> _Exercise prompt_
Under this line are the records; repeat exactly the lines starting at the one containing "Cosy & Trendy" and ending at the one containing "HP ProBook 445", omitting pictures.

----- Input data

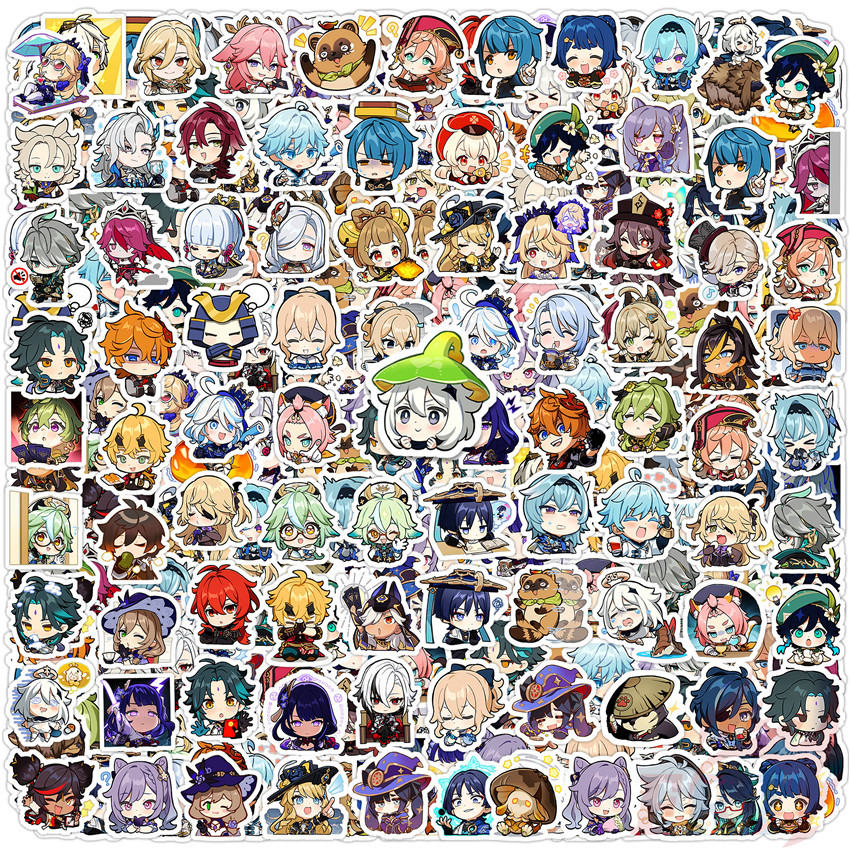110ชิ้น/ชุด ☆ Q Funny Genshin Impact Q-4 Mini Diary Manual สติ๊กเกอร์ (ขนาด:2~3 ซม.)☆ Diy แฟชั่นสมุด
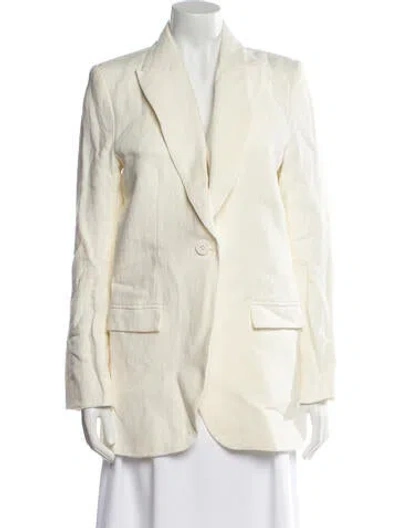 Pre-owned St Agni Linen Blazer In Neutral
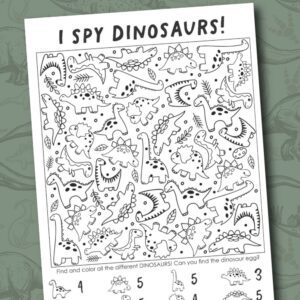 Printable dinosaur activity sheet with hidden dinos to find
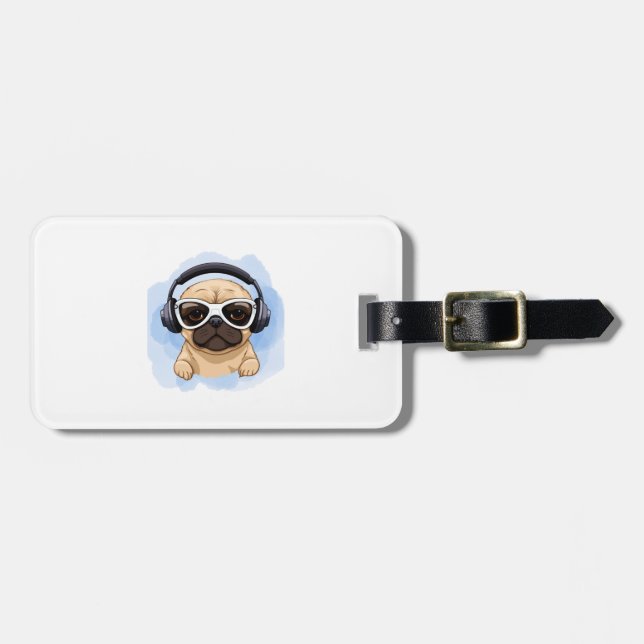 Etiqueta De Bagagem Cães com Fones de ouvido 2 (Frente Horizontal)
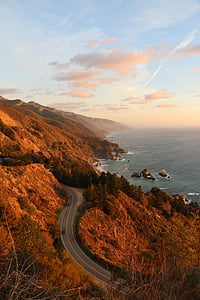 coast, coastal road, mountain, ocean, road, rocks, scenery
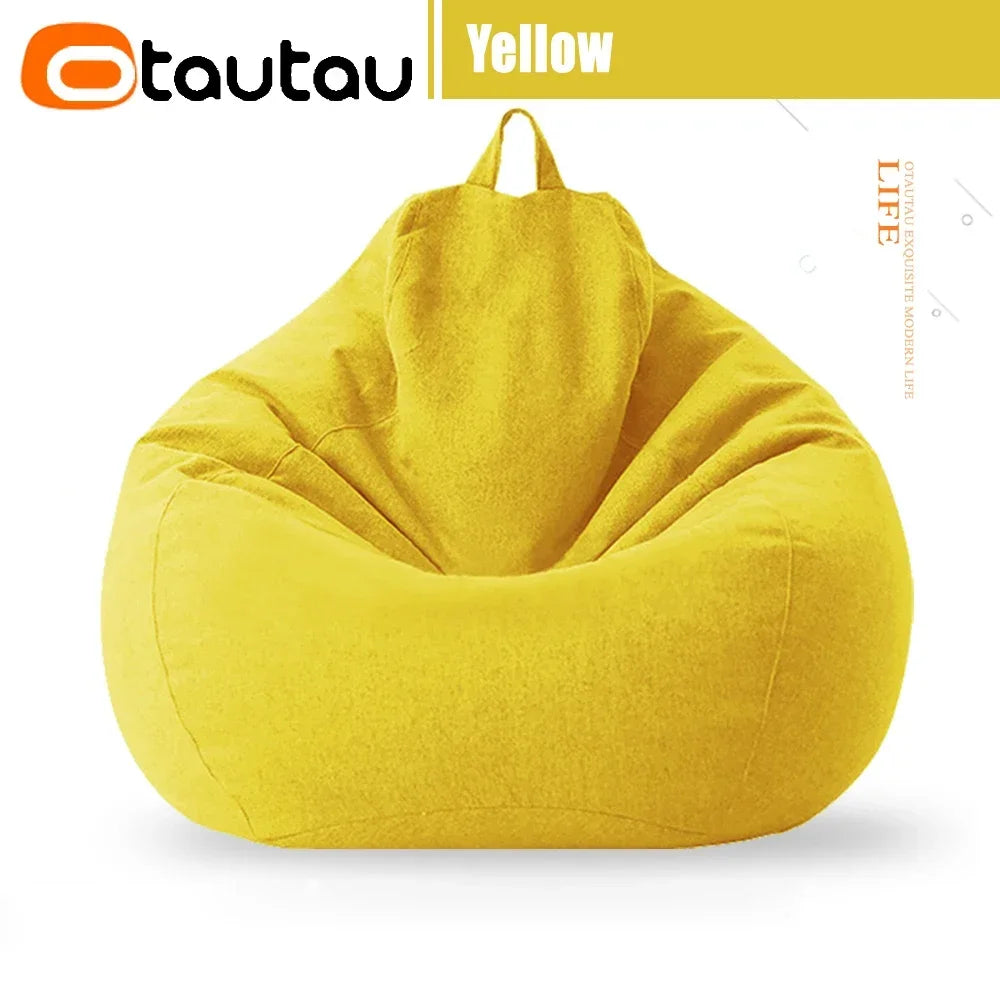 OTAUTAU Filled 70cm Bean Bag Sofa with Filler Big Cotton Linen Lazy BeanBag Bedroom Chair Puff Relax Lounge Couch DD002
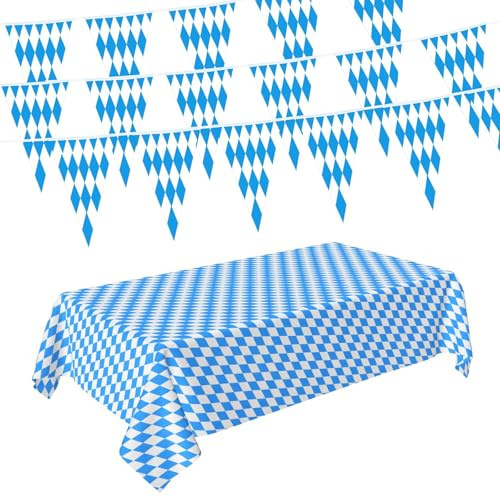 21 Stück Bayrische Deko, Blau Weiß Oktoberfest Tischdecke, 137x274 cm Wasserfeste Plastiktischdecke, Bayern Deko für Bierzelte, Tischdecke Bierzeltgarnitur für Fest, Party, Biergarten
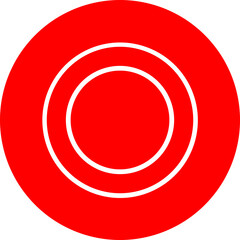 Empty Plate Vector Line White Circle Red Icon Design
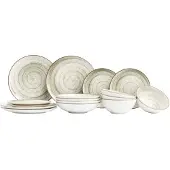 Cosy & Trendy Serviesset Sintra Ivy Green 16-delig / 4 personen - 4 dinerborden, 4 ontbijtborden, 4 diepe borden en 4 kommen
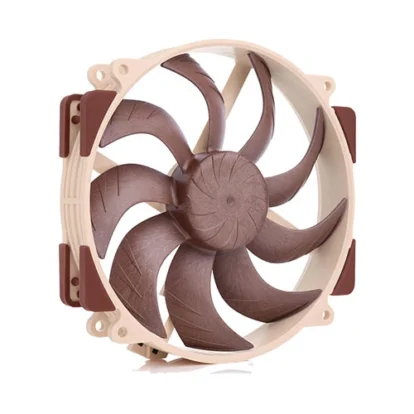 120mm beige computer case fan with brown blades for PC cooling.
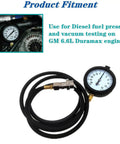Duramax Diesel Fuel Pressure Tester Gauge Kit With Quick Coupler 30 inHg To 15 PSI Range 6 Ft Hose For GM Duramax 6.6L Diesel Fuel System Diagnostics And Troubleshooting, hose and gauge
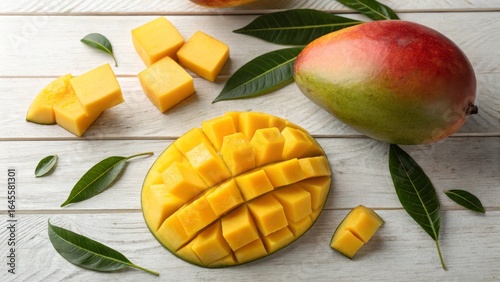 Mango Slices on White Wood ...
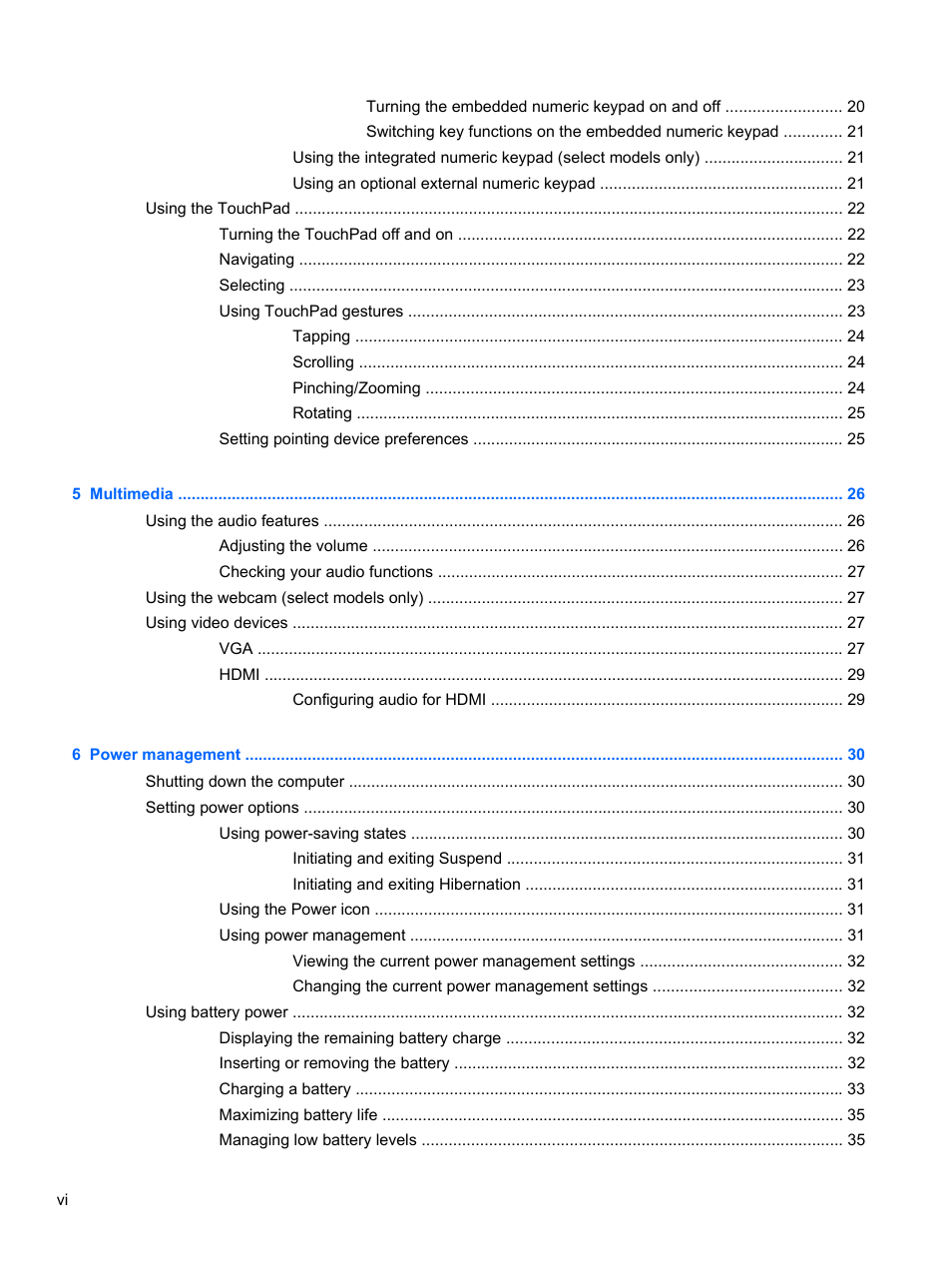 HP ProBook 445 G1 Notebook PC User Manual | Page 6 / 98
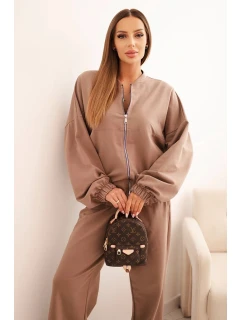 Dámská souprava bavlněná s širokými nohavicemi a mikinou na zip fango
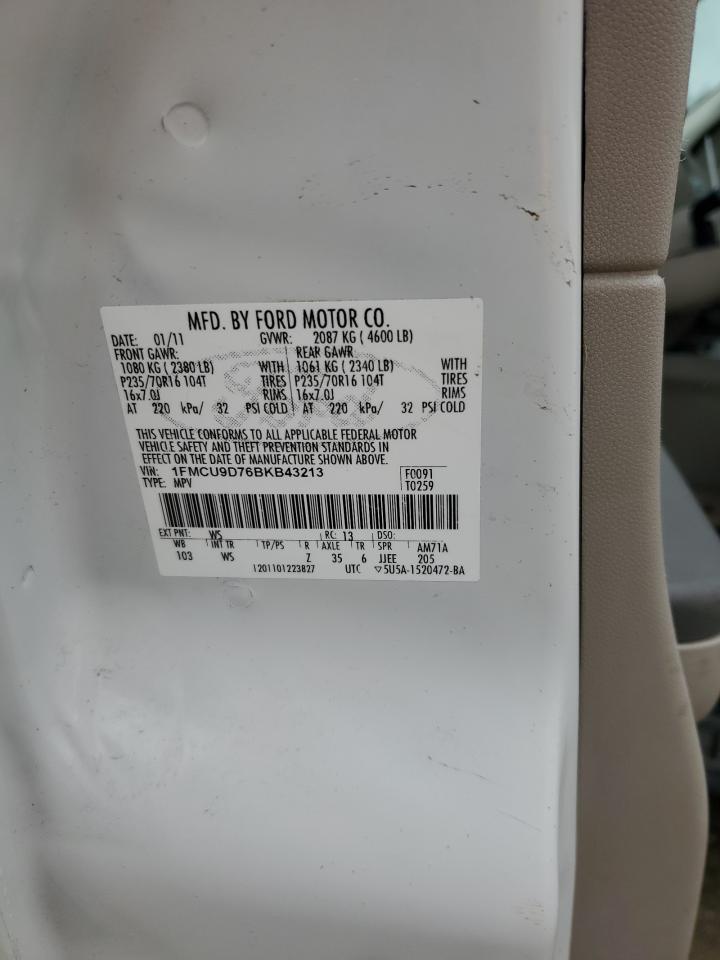 2011 Ford Escape Xlt VIN: 1FMCU9D76BKB43213 Lot: 66566404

----------

> _Result_
 Cosy & Trendy Serviesset Sintra Ivy Green 16-delig / 4 personen - 4 dinerborden, 4 ontbijtborden, 4 diepe borden en 4 kommen
 120mm beige computer case fan with brown blades for PC cooling.
Duramax Diesel Fuel Pressure Tester Gauge Kit With Quick Coupler 30 inHg To 15 PSI Range 6 Ft Hose For GM Duramax 6.6L Diesel Fuel System Diagnostics And Troubleshooting, hose and gauge
 Mango Slices on White Wood ...
 HP ProBook 445 G1 Notebook PC User Manual | Page 6 / 98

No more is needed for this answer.